The Best Foods for Stronger Bones and Joints
Good nutrition is essential for maintaining good health, including bone health. Many know that it’s important to eat calcium-rich foods for stronger bones, but what many don’t know is that it’s important to pair these foods with ones that are rich in vitamin D, as vitamin D helps your bones to absorb calcium.
Below is a quick look at calcium-rich foods as well as foods containing vitamin D that you can pair them with. No matter which foods you choose to favor in your diet, be sure to get about 1,000 mg of calcium per day—as recommended by the Institute of Medicine.
Milk, Yogurt, and Cheese
These dairy products are widely celebrated standards for getting a calcium-rich fix. One large glass of milk plus one slice of cheese and a cup of yogurt will give almost as much calcium that is recommended for daily intake. Be sure, however, to branch out beyond the dairy category when aiming to get enough calcium in your diet.
Dark Leafy Greens
Take note that not all leafy greens are created equal. Opt for dark greens like kale and spinach for about 100 mg of calcium per cooked cup. Collard greens and spinach provide an especially large boost at upwards of 250 mg of calcium per cooked cup, according to the USDA National Nutrient Database.

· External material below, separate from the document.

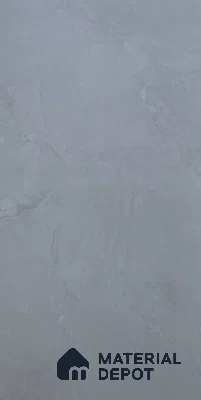 Budget Friendly Marble Wall & Floor Tile Value for Money TL 06307 Amber Light 4 ft x 2 ft - Vitrified Glossy Finish -9 mm | Suitable for Living Room, Bedroom & Bathroom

This includes soymilk, tofu, and edamame. In the case of soymilk and tofu, just make sure to check the label before buying to ensure you are getting a variety that is fortified with calcium. According to the USDA National Nutrient Database, calcium-enriched varieties of soymilk will contain over 300 mg of calcium per cup, while firm varieties of tofu made with calcium sulfate will contain over 250 mg of calcium per ½ cup. Meanwhile, one cup of edamame beans contains about 100 mg of calcium.
Many breakfast cereals are fortified with vitamins and minerals like calcium and may contain up to 2000 mg per every 200-calorie serving.
Vitamin D-rich Foods
Salmon in particular is rare in that just 3 ounces will provide over 100 percent of the necessary daily intake of vitamin D. Tuna is another great source of vitamin D, but still 3 ounces of tuna contains about 40 percent, which pales when compared with the vitamin D content in salmon.
Fortified Dairy Products
According to the National Institutes of Health, almost all milk available for purchase in the US has been fortified with vitamin D so that one cup will provide about a third of the recommended daily intake. Yogurt is also commonly fortified, with six ounces providing about 20 percent of the recommended daily intake.